One of the more rewarding aspects of measuring software quality is that many teams discover that, while they're not about to win any prizes for the quality of their code, it's actually not that bad. Especially when they realise that, compared to other products, their's is average or better. Often they expect the worst, and - after they've got over the initial shock of having their pants pulled down for everyone to gawp at their most intimate parts - they are relieved to discover that the teams around them don't have much to boast about, either.

On the other hand, some teams have built up an expectation that they are actually delivering much better code than they really are. They may have developed a certain swagger, thinking that they are more gifted in the trouser department than their peers, and this illusion is shattered when they discover that, actually, their code is average too.

And they don't take too kindly to being exposed as average. I mean, surely after all those stand-up meetings and retrospectives and all that pair programming and all those planning sessions, the code we deliver must be better?

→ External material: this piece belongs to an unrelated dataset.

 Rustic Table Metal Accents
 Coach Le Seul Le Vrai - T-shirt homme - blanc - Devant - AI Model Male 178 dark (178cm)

Well, sadly, no. Not necessarily. You still have to understand things like architecture and design, and testing, and performance engineering, and usability, and configuration management and so on. And you still have to apply this knowledge with skill and with discipline. And you still need feedback on how well you're doing, no matter how good you think your code is. You always need feedback. Objective feedback. Early and often. Indeed, nothing short of continuously.

"Agile" teams can be especially hostile to being exposed in this way, since they often put an unjustified amount of faith in the principles and practices and are amazed to discover that, first and foremost, you have to be good at developing software - and that means pretty much everyone who touches the code - and that requirements doesn't go away. I certainly don't trust myself enough - as a sort-of, kind-of Extreme Programmer - to work without continuous feedback on every quality goal I've set myself. If maintainability is important, I monitor it continuously as the code evolves, just as frequently and as habitually as running the unit tests. And then I address maintainability issues as soon as they arise.